[[ Information shown, beginning ]]
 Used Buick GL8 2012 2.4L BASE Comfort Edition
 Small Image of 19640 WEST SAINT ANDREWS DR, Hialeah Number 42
[[ Information shown, end ]]
[[ Information shown, beginning ]]
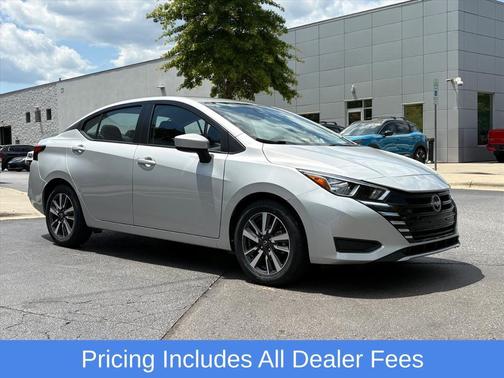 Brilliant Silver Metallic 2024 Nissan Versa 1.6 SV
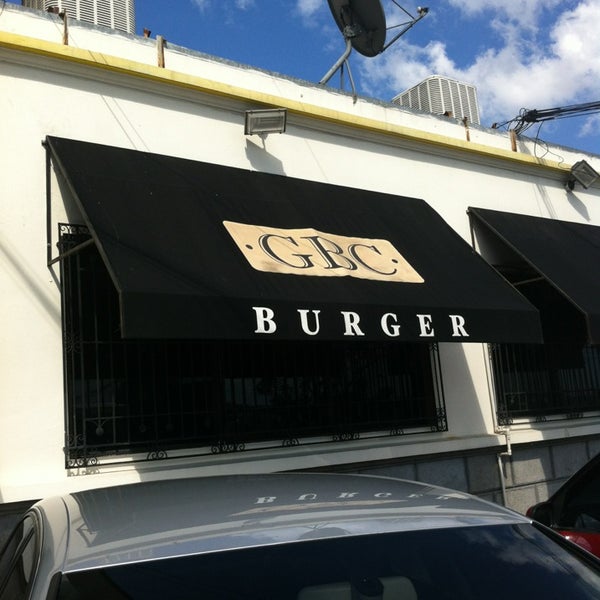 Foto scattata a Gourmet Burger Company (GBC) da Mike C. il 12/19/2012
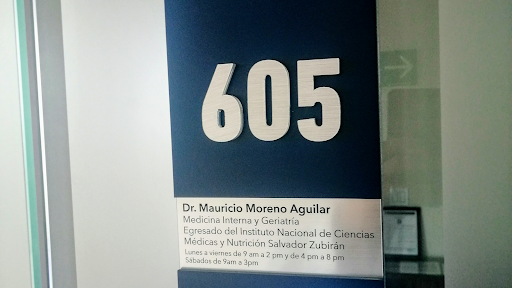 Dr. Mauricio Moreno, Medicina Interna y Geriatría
[[ Information shown, end ]]
[[ Information shown, beginning ]]
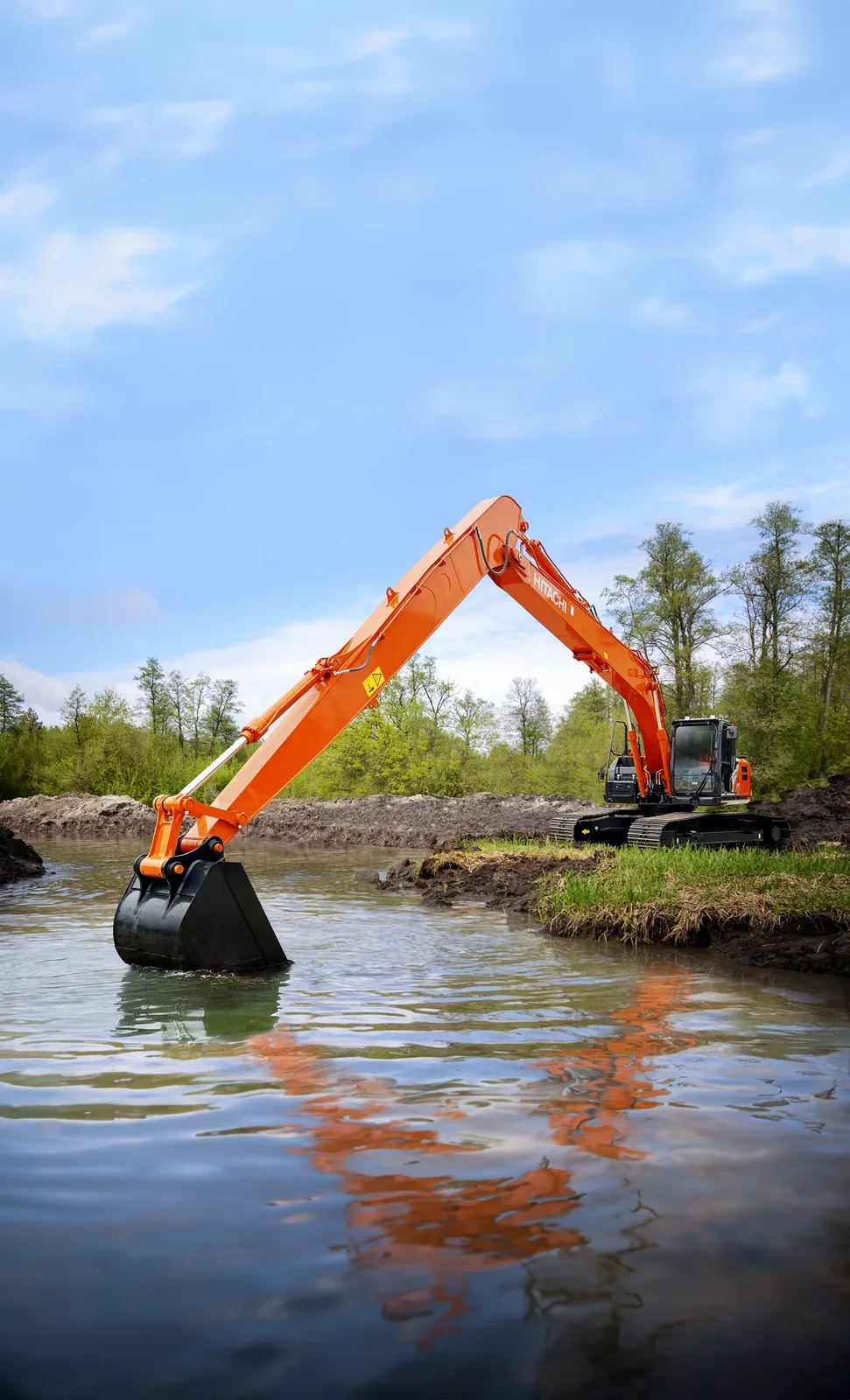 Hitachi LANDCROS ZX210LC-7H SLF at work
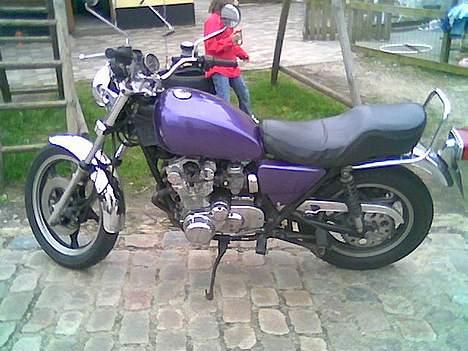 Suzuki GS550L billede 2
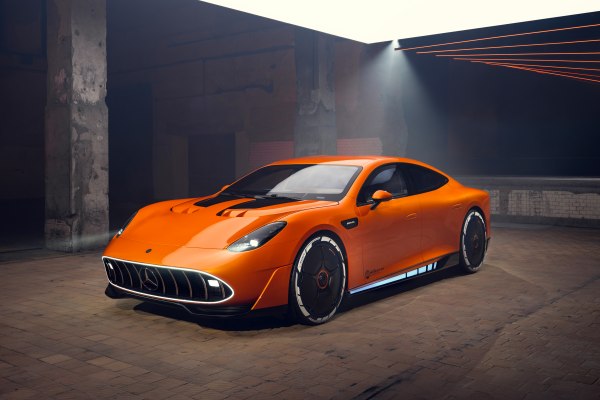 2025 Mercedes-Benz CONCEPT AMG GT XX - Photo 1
[[ Information shown, end ]]
- [About this exercise] Set the pictures aside and retype exactly the lines above from the line with "Brilliant Silver Metallic" to the line with "Dr. Mauricio Moreno, Medicina", both included, adding no others.

- [Answer space]
 Brilliant Silver Metallic 2024 Nissan Versa 1.6 SV
 Foto scattata a Gourmet Burger Company (GBC) da Mike C. il 12/19/2012
 Dr. Mauricio Moreno, Medicina Interna y Geriatría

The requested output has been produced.